▶ WORK REQUEST
Pictures are to be excluded. Please print only the lines from the one containing "Chevrolet Silverado 1500" through the end of the data, exactly as they appear.
INFORMATION PROVIDED section start
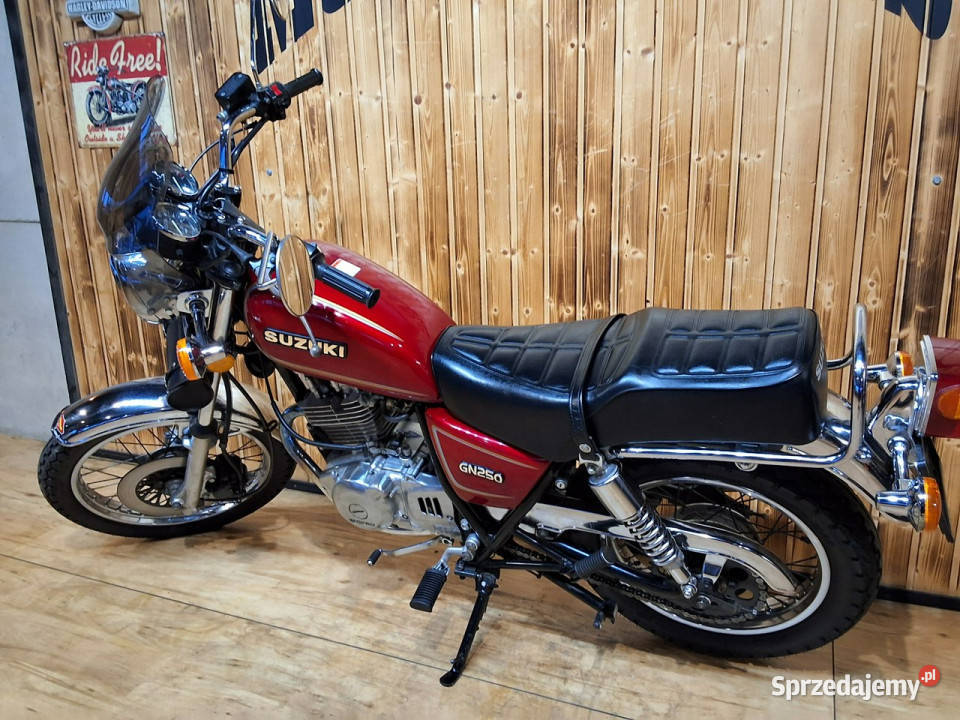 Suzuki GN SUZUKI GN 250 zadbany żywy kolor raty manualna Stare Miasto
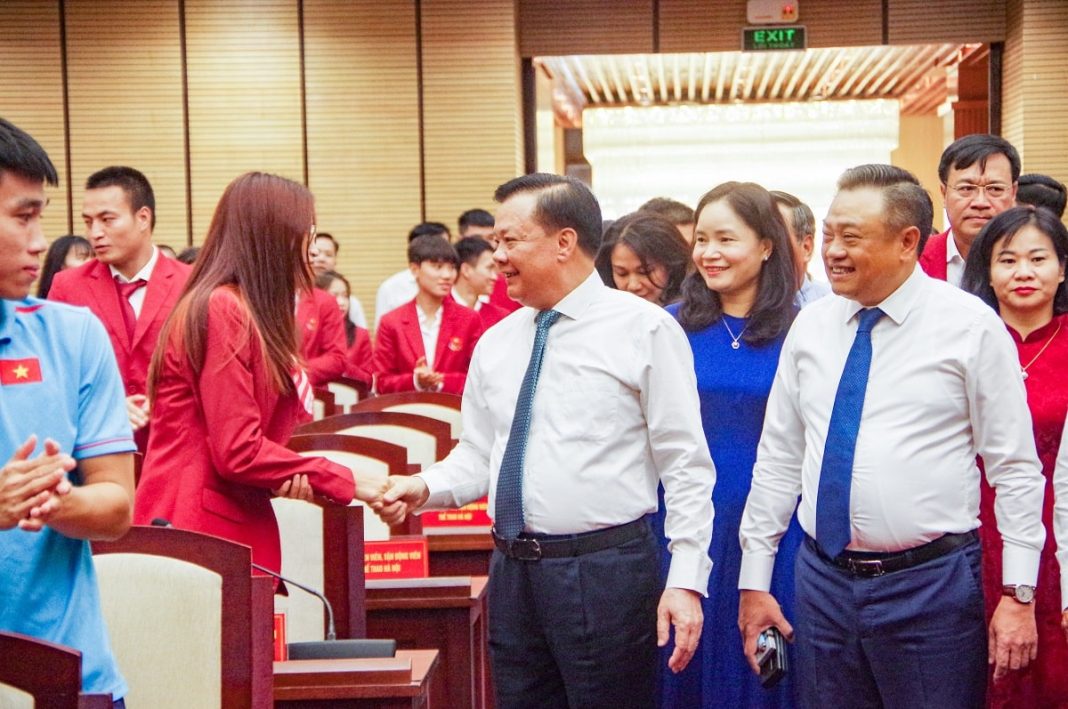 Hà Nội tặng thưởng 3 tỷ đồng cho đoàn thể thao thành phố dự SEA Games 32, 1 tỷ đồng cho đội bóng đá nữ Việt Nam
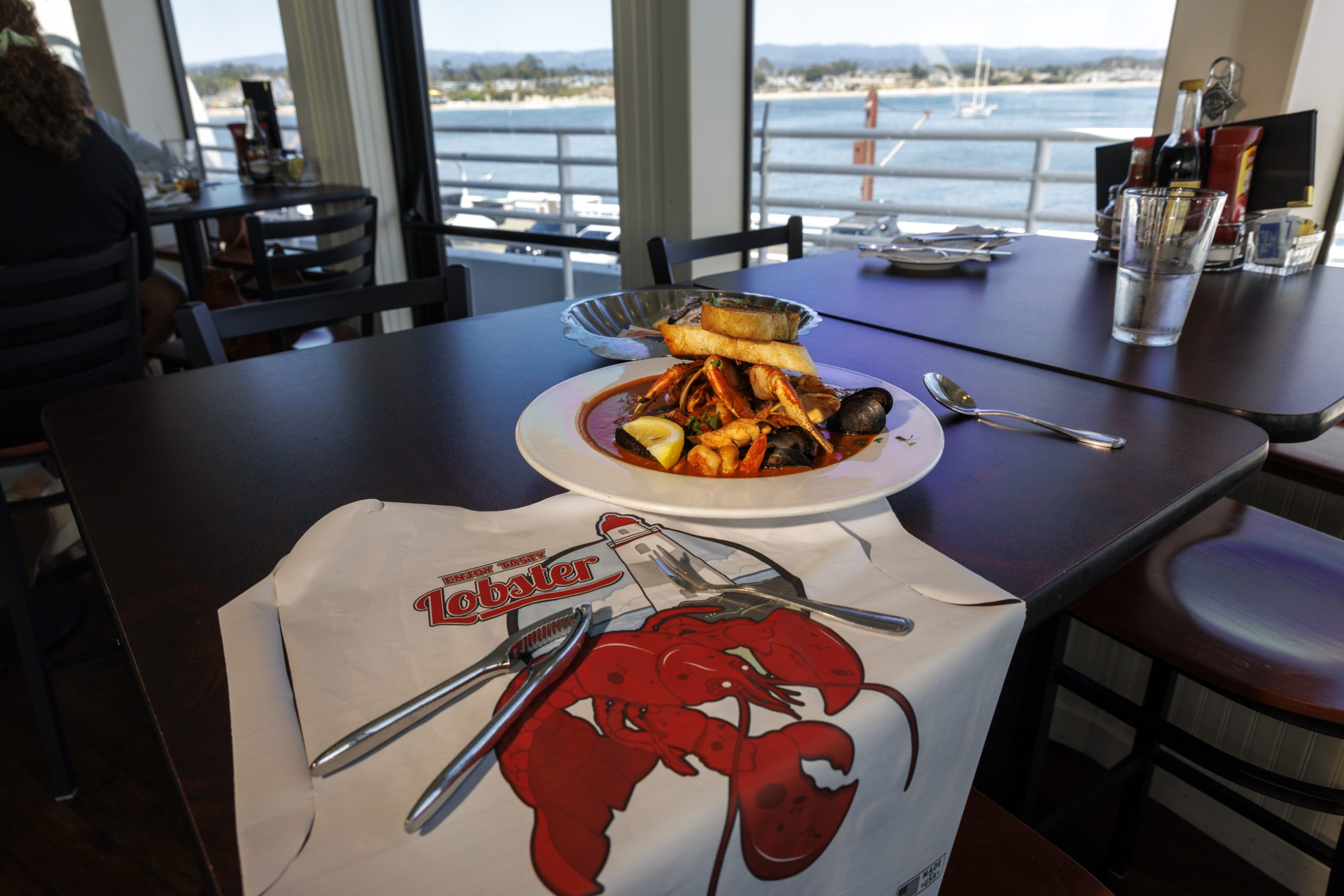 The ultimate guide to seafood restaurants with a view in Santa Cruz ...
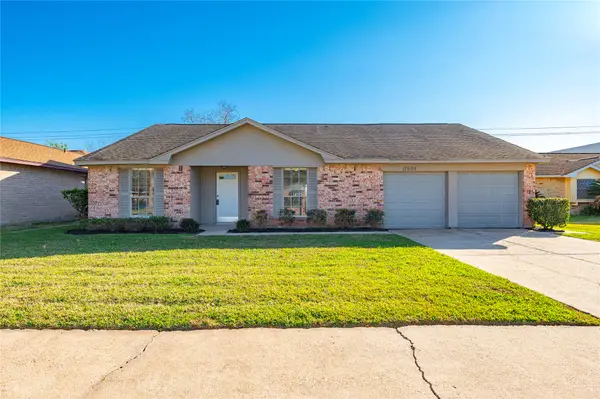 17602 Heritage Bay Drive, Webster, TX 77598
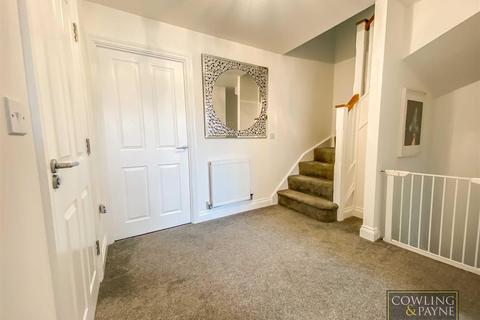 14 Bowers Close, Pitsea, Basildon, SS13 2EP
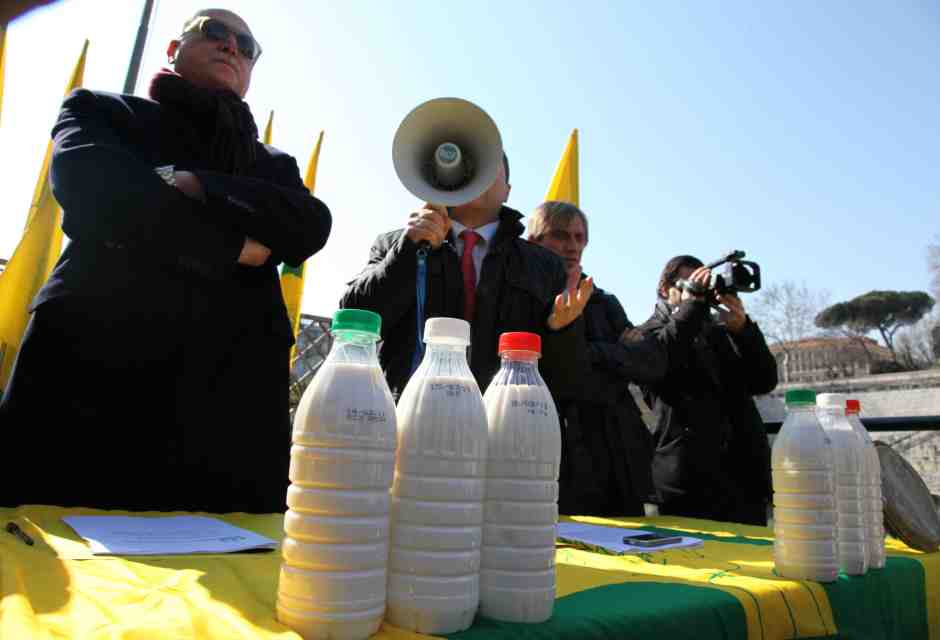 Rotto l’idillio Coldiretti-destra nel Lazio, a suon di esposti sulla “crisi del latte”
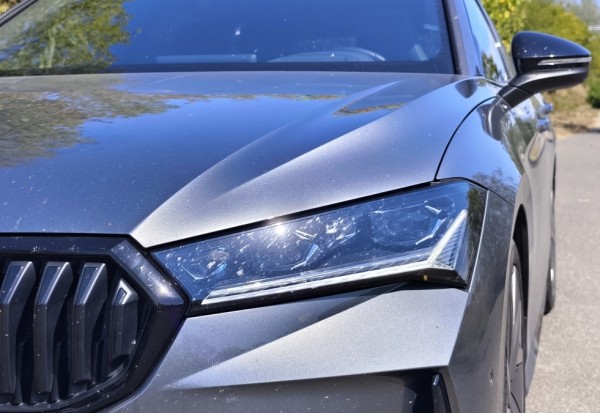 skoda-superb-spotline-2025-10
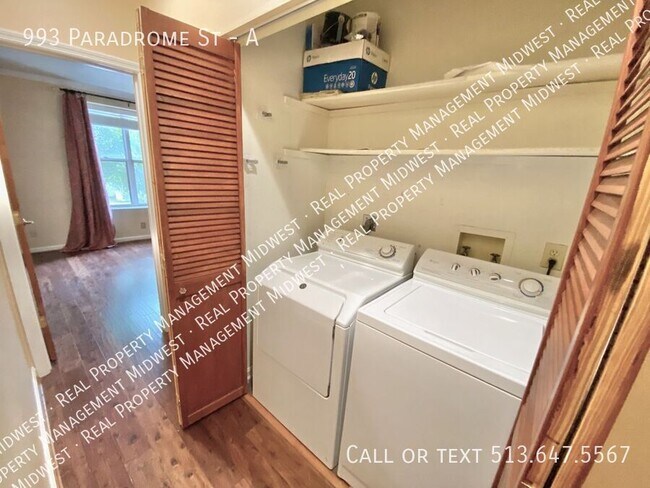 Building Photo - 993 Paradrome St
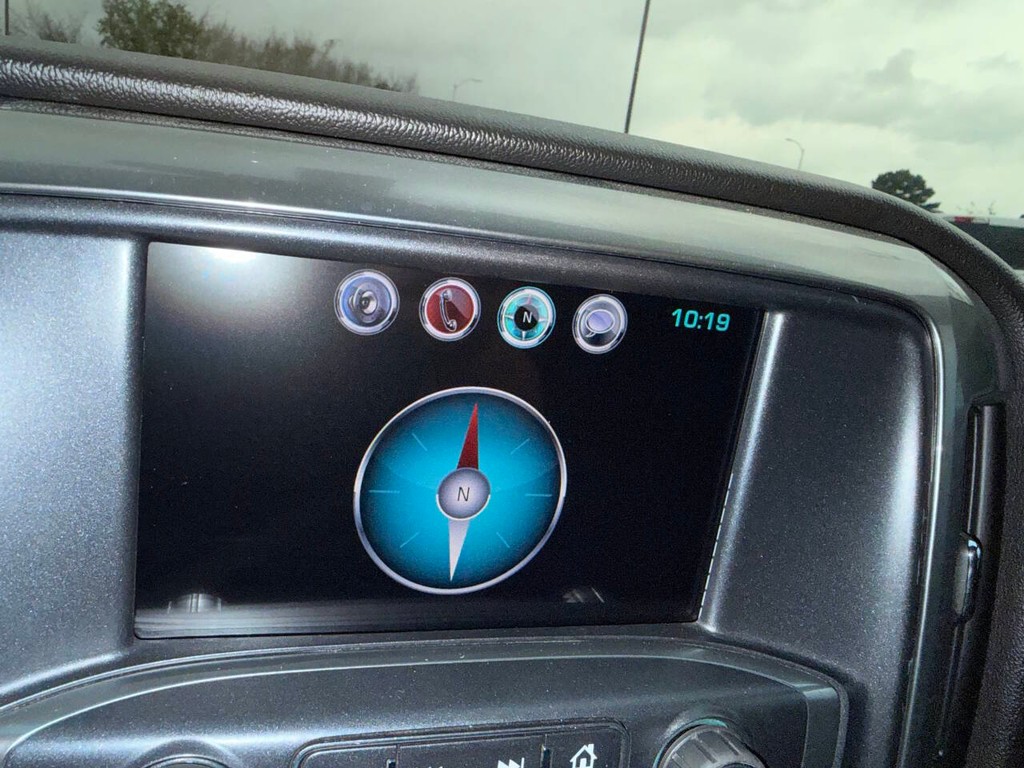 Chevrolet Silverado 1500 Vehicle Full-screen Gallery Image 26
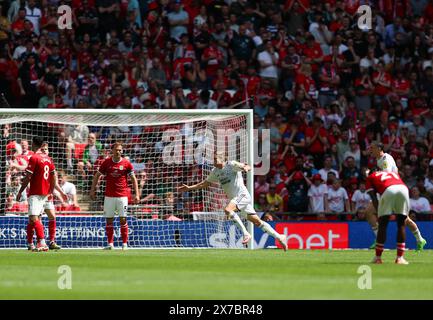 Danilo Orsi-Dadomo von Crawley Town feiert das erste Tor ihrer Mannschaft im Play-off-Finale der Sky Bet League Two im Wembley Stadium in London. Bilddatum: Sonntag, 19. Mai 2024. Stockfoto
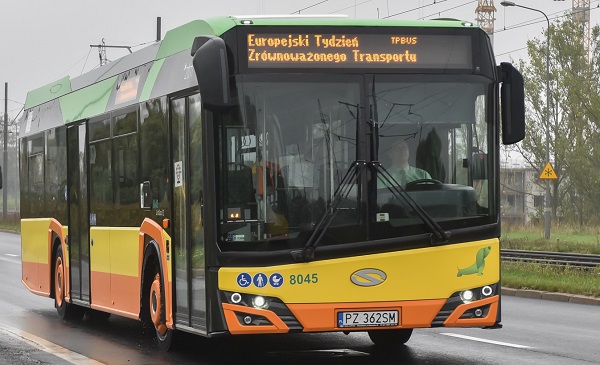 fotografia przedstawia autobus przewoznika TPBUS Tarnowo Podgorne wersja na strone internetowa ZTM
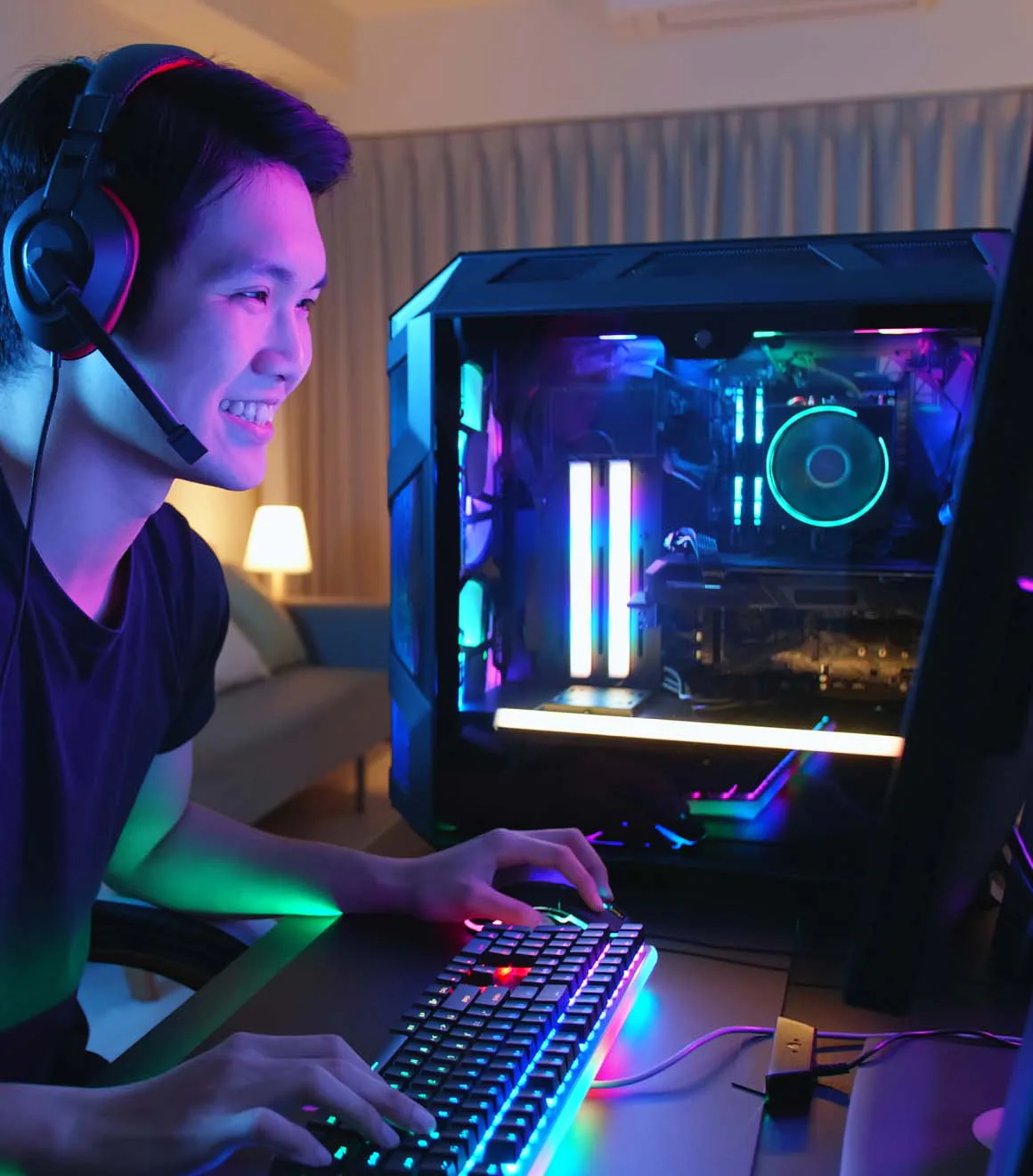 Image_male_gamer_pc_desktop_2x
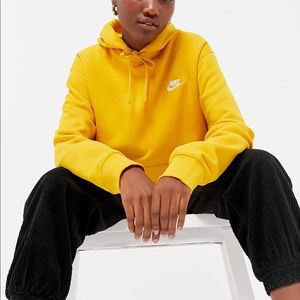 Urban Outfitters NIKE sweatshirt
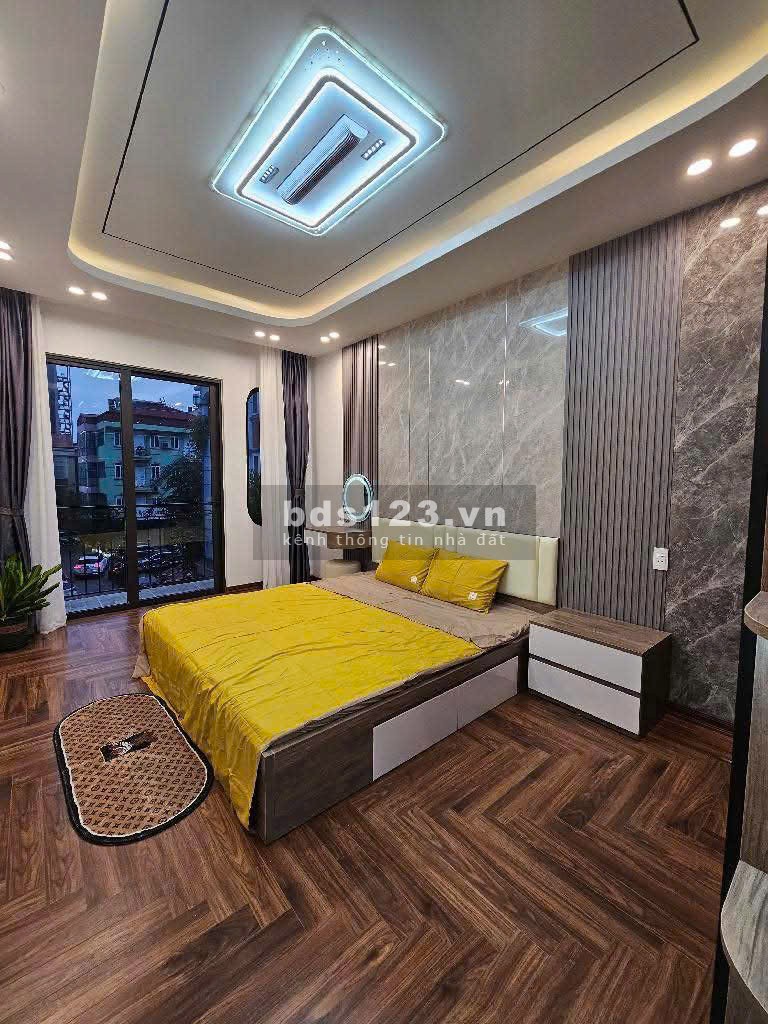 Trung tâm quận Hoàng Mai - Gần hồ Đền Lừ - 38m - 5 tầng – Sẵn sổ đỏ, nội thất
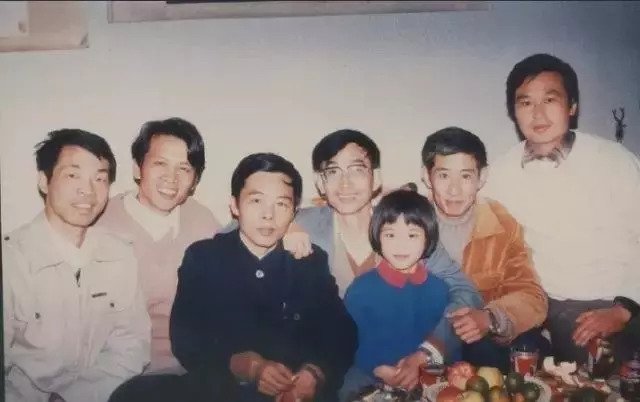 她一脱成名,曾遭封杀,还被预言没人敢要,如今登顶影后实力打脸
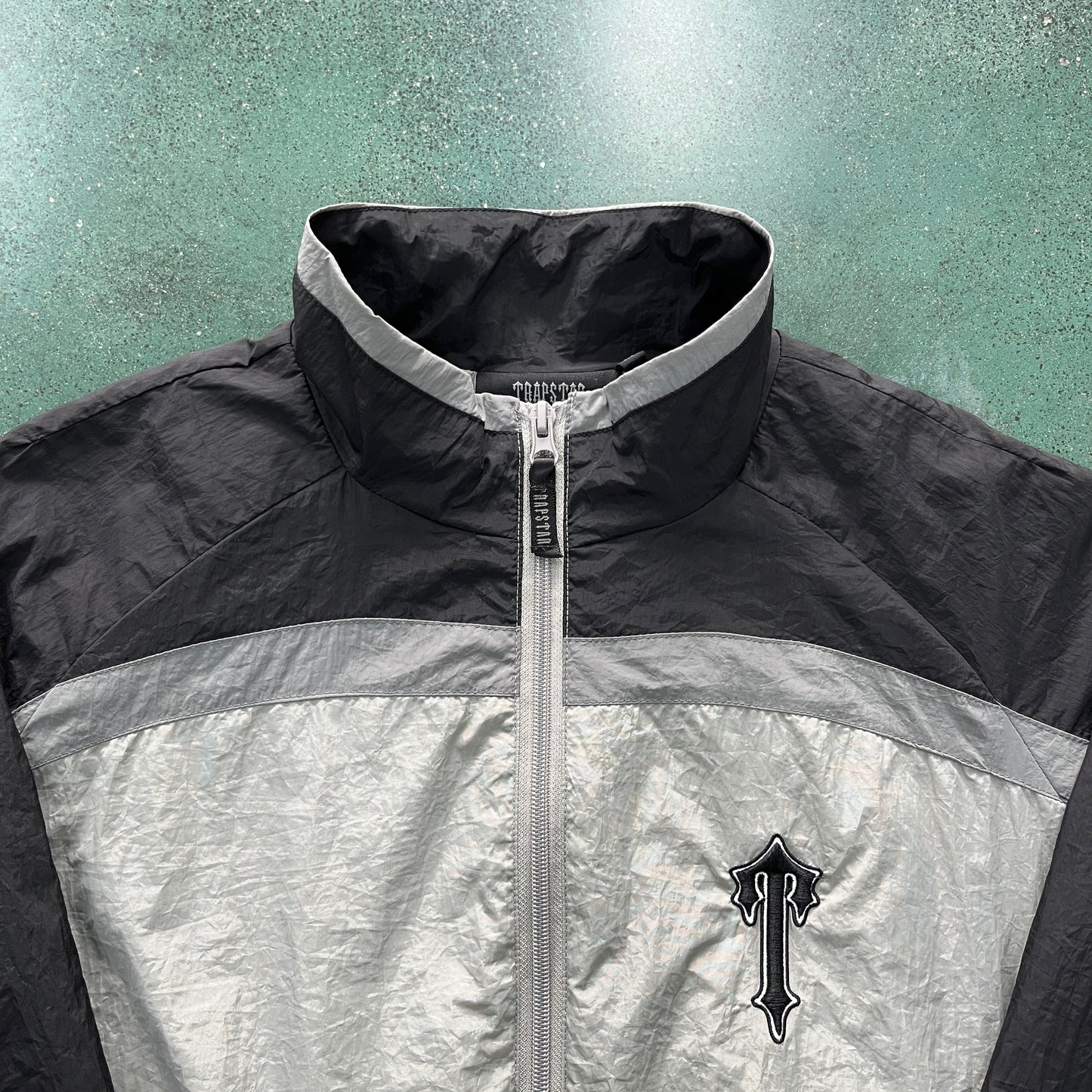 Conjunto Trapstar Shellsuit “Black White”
INFORMATION PROVIDED section end
▶ OUTPUT
 Chevrolet Silverado 1500 Vehicle Full-screen Gallery Image 26
 Danilo Orsi-Dadomo von Crawley Town feiert das erste Tor ihrer Mannschaft im Play-off-Finale der Sky Bet League Two im Wembley Stadium in London. Bilddatum: Sonntag, 19. Mai 2024. Stockfoto
 fotografia przedstawia autobus przewoznika TPBUS Tarnowo Podgorne wersja na strone internetowa ZTM
 Image_male_gamer_pc_desktop_2x
 Urban Outfitters NIKE sweatshirt
 Trung tâm quận Hoàng Mai - Gần hồ Đền Lừ - 38m - 5 tầng – Sẵn sổ đỏ, nội thất
 她一脱成名,曾遭封杀,还被预言没人敢要,如今登顶影后实力打脸
 Conjunto Trapstar Shellsuit “Black White”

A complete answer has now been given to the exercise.